(Beginning of RECORDS TO PROCESS)
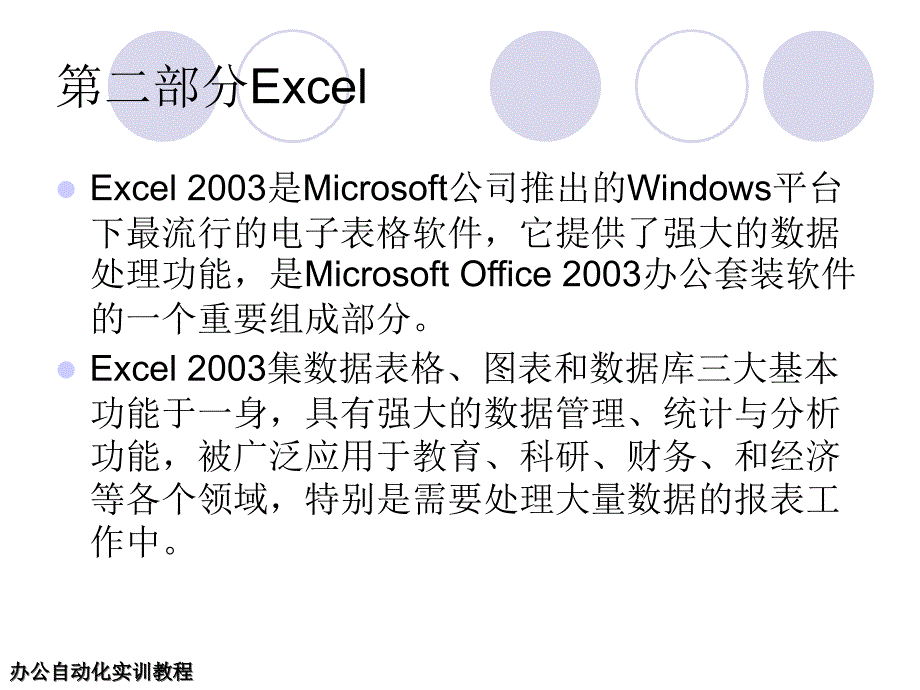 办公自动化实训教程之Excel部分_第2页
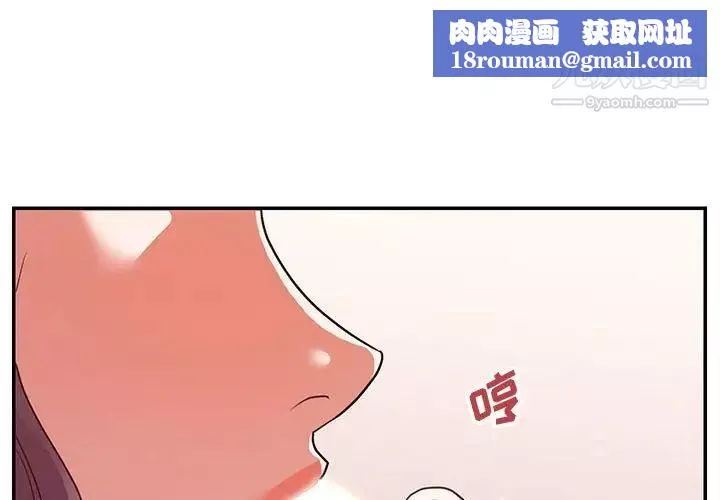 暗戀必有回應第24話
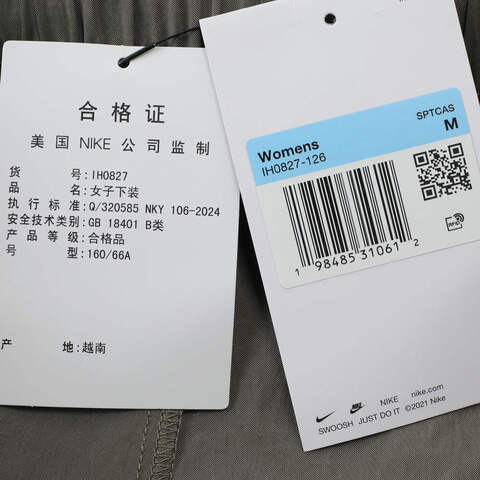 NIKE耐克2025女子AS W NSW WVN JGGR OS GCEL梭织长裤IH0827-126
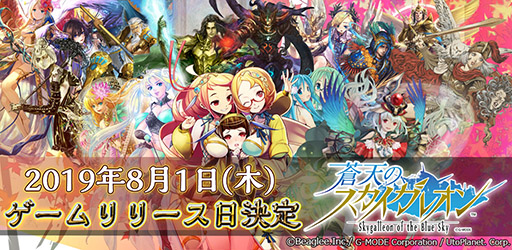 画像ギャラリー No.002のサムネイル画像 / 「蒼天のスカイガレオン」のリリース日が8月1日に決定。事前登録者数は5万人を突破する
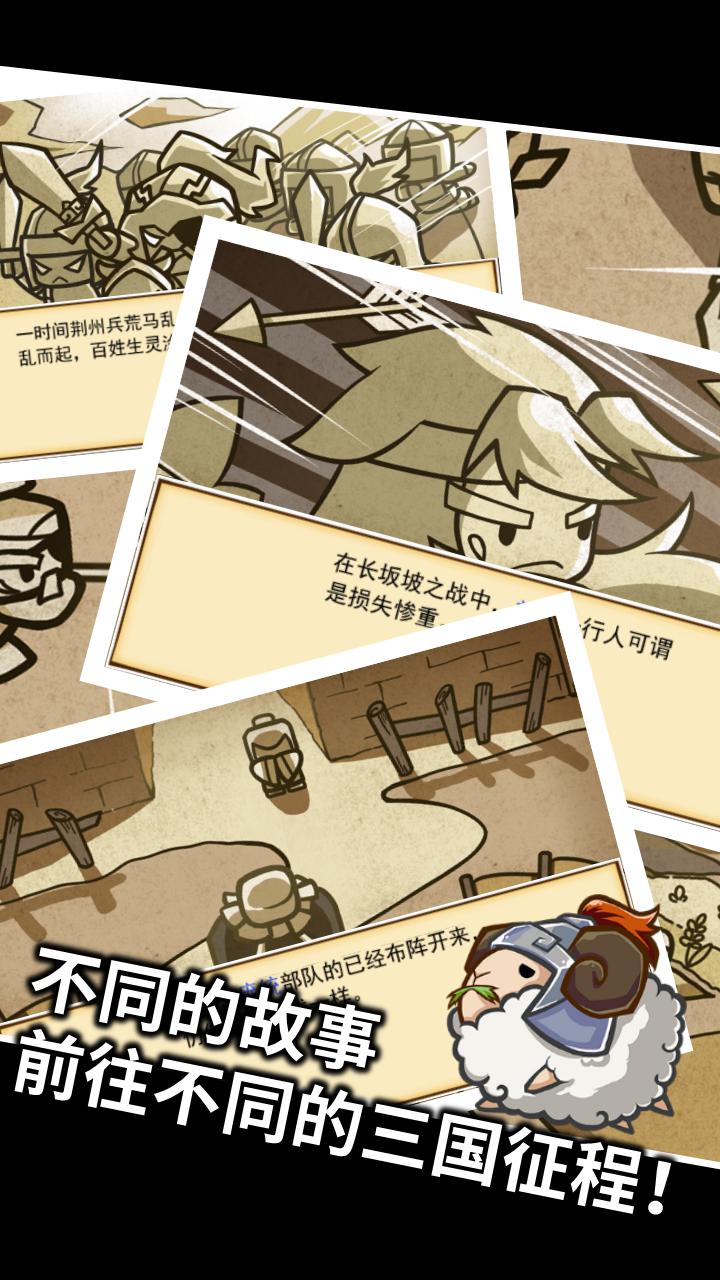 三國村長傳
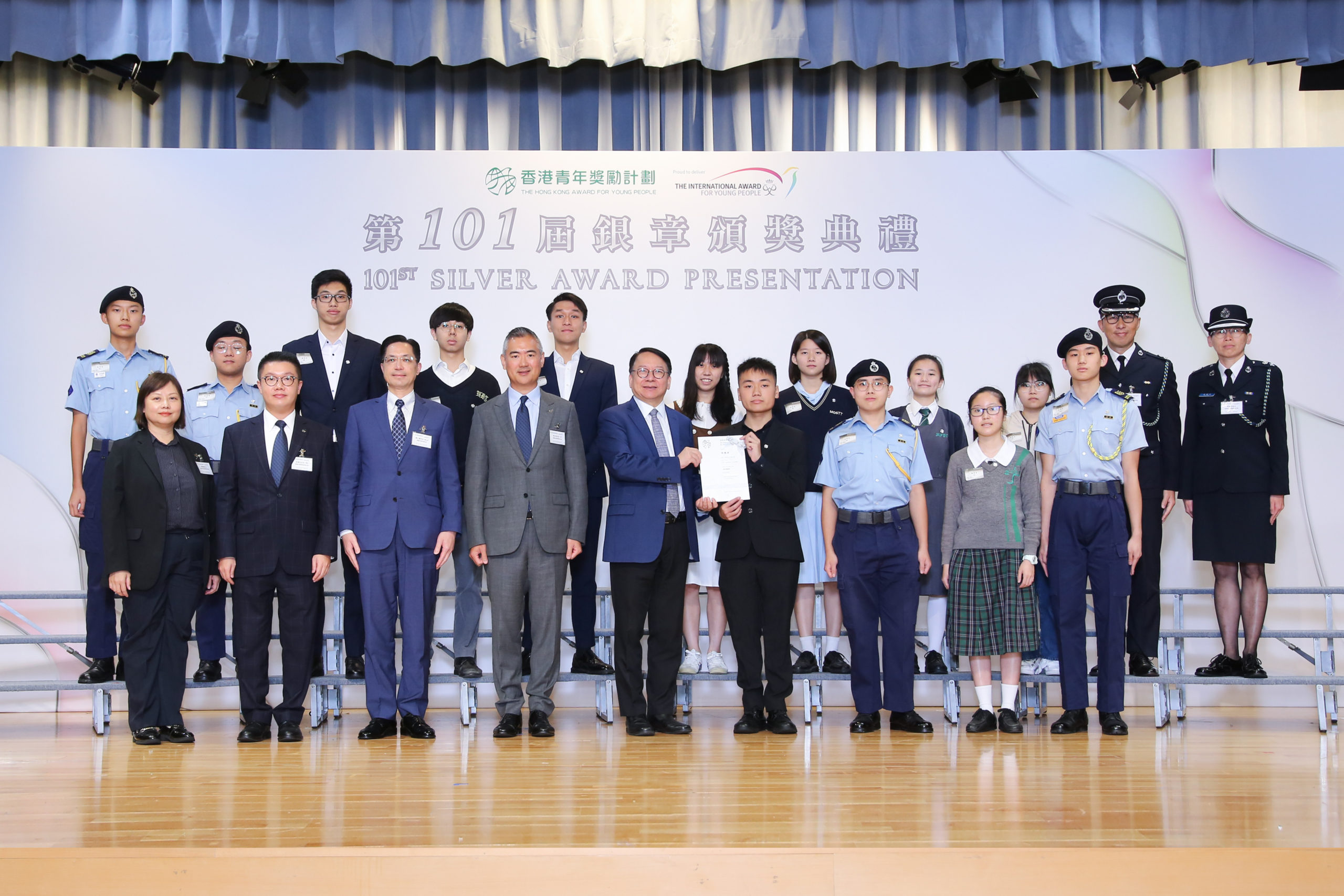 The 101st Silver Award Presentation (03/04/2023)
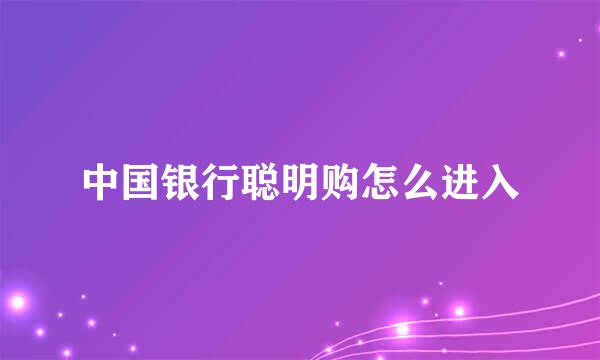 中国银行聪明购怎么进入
(End of RECORDS TO PROCESS)
## ABOUT THIS EXERCISE
Are you able to set down all the lines above exactly, without any pictures?

## OUTPUT FOR THIS EXERCISE
 办公自动化实训教程之Excel部分_第2页
 暗戀必有回應第24話
 NIKE耐克2025女子AS W NSW WVN JGGR OS GCEL梭织长裤IH0827-126
 画像ギャラリー No.002のサムネイル画像 / 「蒼天のスカイガレオン」のリリース日が8月1日に決定。事前登録者数は5万人を突破する
 三國村長傳
 The 101st Silver Award Presentation (03/04/2023)
 中国银行聪明购怎么进入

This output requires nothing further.